■ Exercise details
Which lines in the records below hold the word "only"? Copy each of them.

--- Given data Enclosed Below ---

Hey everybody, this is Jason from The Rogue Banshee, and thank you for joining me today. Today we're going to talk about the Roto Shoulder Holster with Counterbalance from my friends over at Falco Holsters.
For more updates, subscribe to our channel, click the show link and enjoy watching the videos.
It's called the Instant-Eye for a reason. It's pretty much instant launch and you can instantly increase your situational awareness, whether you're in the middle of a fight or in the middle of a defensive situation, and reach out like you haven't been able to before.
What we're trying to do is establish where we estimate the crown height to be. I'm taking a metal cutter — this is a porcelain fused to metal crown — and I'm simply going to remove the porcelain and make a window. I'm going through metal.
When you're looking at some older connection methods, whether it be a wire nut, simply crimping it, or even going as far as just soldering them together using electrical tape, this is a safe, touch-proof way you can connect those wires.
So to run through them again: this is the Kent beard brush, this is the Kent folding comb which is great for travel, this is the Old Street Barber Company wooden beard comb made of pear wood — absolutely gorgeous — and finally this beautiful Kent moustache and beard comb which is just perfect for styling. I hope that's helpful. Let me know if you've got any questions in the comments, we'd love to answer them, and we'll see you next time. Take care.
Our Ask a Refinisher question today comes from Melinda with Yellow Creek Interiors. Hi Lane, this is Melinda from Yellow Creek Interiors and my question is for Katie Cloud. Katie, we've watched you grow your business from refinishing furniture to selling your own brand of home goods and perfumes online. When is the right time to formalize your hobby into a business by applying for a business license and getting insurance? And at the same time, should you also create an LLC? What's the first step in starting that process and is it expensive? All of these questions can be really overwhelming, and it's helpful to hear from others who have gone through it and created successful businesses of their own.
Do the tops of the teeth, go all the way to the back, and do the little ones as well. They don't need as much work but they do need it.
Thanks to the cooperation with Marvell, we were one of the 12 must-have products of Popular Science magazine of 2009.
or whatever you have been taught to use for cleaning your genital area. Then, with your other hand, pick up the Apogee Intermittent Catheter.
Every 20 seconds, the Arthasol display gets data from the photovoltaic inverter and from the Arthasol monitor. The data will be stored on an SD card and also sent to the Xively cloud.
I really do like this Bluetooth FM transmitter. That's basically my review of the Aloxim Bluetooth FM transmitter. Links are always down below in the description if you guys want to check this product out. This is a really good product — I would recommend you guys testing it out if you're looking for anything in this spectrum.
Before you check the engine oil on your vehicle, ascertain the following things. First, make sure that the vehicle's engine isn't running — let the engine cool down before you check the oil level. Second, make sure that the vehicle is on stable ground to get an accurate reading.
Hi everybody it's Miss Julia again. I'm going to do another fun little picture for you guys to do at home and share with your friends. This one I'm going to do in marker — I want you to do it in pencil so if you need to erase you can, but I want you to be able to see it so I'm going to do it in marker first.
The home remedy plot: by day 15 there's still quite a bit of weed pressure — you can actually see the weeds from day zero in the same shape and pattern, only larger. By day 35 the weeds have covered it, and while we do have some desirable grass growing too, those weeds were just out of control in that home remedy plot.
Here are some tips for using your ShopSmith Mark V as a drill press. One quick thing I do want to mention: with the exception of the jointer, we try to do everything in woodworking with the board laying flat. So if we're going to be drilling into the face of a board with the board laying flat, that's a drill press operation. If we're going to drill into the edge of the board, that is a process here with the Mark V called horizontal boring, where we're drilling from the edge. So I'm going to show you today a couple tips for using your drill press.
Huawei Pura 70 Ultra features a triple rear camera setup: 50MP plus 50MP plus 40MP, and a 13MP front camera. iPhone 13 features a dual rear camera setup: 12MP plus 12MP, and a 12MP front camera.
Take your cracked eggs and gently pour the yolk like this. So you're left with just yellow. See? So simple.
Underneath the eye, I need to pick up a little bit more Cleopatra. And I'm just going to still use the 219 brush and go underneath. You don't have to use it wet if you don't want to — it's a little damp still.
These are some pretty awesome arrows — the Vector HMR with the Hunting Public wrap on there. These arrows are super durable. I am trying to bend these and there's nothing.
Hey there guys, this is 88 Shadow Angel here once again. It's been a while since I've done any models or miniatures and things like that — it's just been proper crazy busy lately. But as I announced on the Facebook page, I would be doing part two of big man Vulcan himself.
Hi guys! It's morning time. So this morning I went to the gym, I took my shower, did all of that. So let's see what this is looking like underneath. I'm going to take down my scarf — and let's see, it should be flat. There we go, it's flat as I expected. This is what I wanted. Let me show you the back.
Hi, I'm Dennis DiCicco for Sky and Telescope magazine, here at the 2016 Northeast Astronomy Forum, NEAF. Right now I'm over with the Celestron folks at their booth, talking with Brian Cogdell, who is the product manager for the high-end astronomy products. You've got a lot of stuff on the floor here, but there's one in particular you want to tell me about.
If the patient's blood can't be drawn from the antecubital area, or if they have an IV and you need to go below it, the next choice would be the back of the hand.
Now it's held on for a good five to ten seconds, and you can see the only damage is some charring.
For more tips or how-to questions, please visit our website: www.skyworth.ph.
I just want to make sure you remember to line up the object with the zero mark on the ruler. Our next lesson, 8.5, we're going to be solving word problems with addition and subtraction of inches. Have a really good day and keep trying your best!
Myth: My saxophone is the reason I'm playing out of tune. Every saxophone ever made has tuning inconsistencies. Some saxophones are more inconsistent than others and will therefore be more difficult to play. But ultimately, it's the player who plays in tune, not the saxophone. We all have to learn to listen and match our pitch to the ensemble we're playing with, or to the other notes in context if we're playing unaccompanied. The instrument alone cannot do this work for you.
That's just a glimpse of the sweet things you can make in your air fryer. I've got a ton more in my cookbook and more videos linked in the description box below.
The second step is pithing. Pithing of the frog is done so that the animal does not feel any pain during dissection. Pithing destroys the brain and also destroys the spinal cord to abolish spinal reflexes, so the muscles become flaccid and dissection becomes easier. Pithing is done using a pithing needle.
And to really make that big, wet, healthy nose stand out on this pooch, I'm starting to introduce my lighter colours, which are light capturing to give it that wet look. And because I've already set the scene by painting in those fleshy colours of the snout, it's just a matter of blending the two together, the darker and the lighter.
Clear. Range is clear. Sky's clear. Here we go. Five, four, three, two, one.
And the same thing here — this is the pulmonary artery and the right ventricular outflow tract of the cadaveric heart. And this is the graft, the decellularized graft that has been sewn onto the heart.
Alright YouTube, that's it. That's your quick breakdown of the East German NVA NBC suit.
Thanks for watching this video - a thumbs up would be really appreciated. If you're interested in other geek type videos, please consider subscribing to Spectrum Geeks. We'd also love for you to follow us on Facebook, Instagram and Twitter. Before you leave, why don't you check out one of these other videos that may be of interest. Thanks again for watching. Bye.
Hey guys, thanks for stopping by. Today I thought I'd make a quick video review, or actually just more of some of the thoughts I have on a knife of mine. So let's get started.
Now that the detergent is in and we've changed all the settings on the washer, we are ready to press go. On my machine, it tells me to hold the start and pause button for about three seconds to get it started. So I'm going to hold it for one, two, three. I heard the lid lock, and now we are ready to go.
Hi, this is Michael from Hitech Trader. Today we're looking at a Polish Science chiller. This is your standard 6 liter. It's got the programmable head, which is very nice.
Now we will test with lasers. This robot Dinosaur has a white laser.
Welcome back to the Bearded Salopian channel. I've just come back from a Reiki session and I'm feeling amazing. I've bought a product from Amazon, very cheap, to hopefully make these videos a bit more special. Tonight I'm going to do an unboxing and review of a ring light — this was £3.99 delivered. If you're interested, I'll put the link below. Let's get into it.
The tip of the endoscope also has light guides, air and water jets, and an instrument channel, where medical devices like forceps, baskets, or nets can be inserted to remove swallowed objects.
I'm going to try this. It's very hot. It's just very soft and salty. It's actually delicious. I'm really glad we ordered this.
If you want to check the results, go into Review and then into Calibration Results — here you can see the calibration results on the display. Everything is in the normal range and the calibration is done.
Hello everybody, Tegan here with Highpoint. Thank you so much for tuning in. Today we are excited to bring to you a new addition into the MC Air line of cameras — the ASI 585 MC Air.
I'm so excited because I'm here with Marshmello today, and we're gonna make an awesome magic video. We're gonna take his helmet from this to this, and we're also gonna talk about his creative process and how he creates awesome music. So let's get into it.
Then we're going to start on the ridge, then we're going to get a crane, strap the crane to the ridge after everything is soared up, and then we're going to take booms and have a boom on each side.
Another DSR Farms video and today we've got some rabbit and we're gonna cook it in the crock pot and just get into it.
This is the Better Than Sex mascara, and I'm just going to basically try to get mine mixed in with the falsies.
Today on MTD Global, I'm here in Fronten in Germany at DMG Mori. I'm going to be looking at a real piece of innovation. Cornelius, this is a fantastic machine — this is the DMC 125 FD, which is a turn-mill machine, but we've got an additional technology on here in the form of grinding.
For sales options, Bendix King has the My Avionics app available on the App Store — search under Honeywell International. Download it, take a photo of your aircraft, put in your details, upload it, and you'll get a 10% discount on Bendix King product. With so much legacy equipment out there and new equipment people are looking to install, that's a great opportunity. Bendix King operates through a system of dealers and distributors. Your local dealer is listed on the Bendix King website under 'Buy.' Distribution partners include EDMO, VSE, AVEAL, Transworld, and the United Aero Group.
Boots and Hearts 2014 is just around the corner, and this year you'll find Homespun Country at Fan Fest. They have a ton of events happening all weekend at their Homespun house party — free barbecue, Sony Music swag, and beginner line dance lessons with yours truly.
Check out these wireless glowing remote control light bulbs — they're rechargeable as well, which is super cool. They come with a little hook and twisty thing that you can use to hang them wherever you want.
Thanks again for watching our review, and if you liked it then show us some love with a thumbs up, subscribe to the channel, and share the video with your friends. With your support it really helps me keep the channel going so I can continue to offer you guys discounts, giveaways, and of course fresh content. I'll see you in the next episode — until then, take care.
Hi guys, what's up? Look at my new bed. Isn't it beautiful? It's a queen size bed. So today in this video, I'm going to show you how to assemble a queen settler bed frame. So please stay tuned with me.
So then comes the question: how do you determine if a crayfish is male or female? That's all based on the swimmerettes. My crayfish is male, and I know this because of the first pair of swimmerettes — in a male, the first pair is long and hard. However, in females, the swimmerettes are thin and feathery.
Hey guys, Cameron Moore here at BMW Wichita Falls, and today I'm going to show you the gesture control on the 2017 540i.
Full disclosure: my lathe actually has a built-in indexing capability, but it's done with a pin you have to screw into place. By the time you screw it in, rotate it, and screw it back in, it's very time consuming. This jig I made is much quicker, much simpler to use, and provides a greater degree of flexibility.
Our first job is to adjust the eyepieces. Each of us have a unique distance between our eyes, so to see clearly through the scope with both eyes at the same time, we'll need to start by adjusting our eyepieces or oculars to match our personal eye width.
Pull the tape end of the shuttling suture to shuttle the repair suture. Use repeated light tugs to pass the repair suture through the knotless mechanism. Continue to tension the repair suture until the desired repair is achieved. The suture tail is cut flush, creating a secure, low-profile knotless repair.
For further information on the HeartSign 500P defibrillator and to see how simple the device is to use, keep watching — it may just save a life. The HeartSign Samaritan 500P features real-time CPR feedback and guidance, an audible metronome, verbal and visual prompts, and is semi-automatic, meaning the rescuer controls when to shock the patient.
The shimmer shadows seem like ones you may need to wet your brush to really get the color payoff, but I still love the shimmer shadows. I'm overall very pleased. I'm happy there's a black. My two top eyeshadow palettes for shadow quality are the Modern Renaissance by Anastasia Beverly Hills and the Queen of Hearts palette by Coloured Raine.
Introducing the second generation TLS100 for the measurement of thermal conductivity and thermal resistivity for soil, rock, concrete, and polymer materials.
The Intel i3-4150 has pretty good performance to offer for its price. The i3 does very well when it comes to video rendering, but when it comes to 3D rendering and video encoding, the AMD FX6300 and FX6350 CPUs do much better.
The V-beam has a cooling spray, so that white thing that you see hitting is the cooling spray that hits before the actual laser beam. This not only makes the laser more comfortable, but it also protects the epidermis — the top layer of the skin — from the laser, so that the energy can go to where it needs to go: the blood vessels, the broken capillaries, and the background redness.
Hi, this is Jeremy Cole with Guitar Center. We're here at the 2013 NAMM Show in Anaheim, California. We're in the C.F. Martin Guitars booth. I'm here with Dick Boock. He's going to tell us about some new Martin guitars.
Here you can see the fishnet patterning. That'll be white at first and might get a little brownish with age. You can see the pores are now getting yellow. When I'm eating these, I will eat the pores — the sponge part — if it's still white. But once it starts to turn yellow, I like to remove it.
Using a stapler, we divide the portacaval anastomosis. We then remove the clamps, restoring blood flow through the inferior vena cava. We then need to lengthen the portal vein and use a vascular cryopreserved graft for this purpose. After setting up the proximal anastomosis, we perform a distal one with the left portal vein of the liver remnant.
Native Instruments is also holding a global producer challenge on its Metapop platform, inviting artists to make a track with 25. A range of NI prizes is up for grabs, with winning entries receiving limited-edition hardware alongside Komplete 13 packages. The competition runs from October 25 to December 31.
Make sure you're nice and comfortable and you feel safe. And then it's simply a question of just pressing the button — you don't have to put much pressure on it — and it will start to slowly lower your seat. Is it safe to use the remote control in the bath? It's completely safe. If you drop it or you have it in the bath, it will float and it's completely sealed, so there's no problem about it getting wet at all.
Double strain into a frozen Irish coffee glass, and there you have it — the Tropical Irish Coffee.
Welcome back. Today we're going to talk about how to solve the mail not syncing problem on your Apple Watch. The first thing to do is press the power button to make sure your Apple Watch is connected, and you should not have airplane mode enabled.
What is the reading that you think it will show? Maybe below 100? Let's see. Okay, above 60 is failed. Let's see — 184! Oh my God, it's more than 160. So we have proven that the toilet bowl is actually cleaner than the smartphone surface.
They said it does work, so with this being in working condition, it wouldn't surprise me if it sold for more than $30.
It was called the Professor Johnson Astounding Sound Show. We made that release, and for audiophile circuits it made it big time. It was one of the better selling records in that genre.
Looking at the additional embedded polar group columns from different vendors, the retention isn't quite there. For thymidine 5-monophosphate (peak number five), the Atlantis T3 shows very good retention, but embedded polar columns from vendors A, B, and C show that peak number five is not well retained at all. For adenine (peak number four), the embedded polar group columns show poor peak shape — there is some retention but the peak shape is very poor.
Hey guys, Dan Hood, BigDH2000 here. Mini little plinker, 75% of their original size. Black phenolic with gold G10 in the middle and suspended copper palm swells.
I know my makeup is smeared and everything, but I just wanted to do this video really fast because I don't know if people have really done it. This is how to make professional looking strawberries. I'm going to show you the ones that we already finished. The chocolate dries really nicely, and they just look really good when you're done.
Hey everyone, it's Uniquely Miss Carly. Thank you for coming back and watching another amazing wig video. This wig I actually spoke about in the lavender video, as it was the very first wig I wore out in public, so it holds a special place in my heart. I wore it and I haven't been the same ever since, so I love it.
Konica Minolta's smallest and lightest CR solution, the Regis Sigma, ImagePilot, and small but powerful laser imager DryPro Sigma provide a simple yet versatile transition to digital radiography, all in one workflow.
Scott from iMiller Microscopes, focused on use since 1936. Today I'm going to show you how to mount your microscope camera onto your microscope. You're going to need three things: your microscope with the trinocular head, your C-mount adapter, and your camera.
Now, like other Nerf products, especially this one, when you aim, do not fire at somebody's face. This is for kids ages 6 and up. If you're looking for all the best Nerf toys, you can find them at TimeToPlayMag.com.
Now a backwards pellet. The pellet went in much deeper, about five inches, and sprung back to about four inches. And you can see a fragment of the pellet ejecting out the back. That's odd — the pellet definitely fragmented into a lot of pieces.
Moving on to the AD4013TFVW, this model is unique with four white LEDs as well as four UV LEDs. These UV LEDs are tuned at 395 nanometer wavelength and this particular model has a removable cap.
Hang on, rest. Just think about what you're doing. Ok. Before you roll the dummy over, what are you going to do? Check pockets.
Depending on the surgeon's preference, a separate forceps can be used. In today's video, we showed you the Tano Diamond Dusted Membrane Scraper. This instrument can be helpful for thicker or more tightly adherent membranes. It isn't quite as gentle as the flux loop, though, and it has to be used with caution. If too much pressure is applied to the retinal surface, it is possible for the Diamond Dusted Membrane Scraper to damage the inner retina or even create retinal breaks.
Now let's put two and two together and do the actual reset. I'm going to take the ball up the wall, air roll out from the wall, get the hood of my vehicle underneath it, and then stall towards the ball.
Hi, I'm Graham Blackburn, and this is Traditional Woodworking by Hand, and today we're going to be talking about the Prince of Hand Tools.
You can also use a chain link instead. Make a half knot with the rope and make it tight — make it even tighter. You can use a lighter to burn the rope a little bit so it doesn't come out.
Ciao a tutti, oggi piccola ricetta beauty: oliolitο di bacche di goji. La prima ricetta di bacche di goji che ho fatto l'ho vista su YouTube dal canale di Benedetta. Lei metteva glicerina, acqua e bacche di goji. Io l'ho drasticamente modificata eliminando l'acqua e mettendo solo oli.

--- End of Enclosed Given data ---

■ Exercise result
The home remedy plot: by day 15 there's still quite a bit of weed pressure — you can actually see the weeds from day zero in the same shape and pattern, only larger. By day 35 the weeds have covered it, and while we do have some desirable grass growing too, those weeds were just out of control in that home remedy plot.
Now it's held on for a good five to ten seconds, and you can see the only damage is some charring.
The V-beam has a cooling spray, so that white thing that you see hitting is the cooling spray that hits before the actual laser beam. This not only makes the laser more comfortable, but it also protects the epidermis — the top layer of the skin — from the laser, so that the energy can go to where it needs to go: the blood vessels, the broken capillaries, and the background redness.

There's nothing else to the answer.